━━━━━ Given material ━━━━━

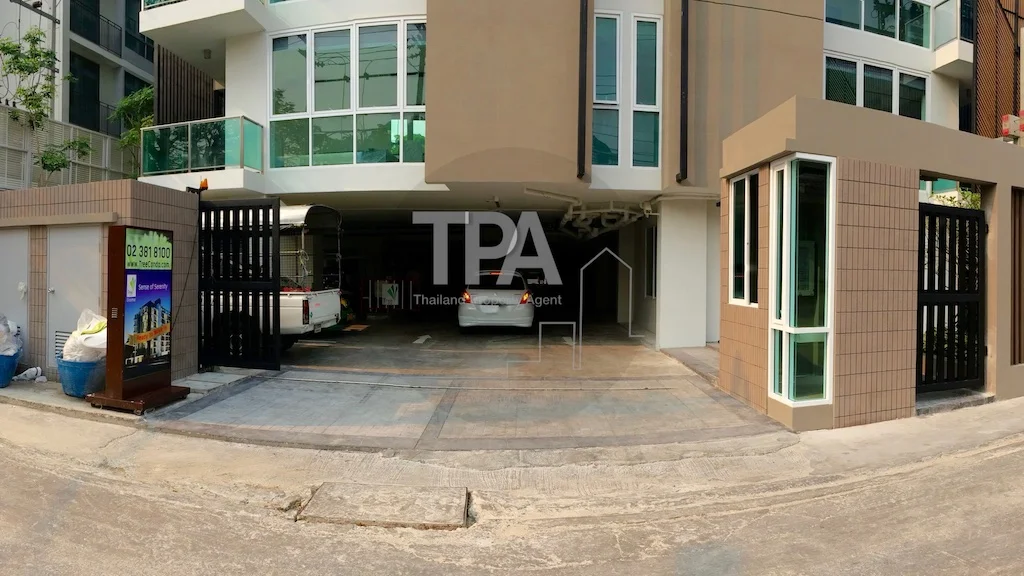 ทางเข้าโครงการ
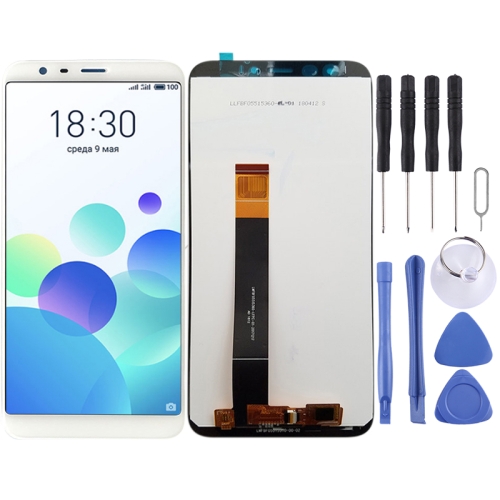 Lcd Screen Display Folder Combo Digitizer Glass for Meizu M8c M908L White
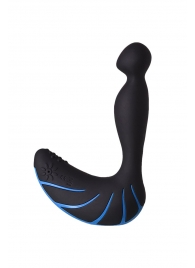 Чёрно-синий массажер простаты Erotist Third - Erotist Adult Toys - в Твери купить с доставкой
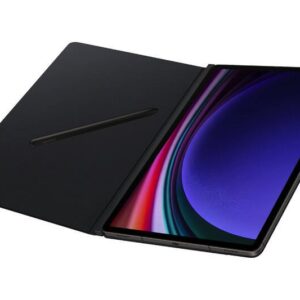 EF-BX810PBE Samsung Smart Book dėklas skirtas Galaxy Tab S9+/S9 FE+ juodos spalvos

━━━━━

Your task is to retype the listing exactly, without its pictures.

_Exercise result:_
 ทางเข้าโครงการ
 Lcd Screen Display Folder Combo Digitizer Glass for Meizu M8c M908L White
 Чёрно-синий массажер простаты Erotist Third - Erotist Adult Toys - в Твери купить с доставкой
 EF-BX810PBE Samsung Smart Book dėklas skirtas Galaxy Tab S9+/S9 FE+ juodos spalvos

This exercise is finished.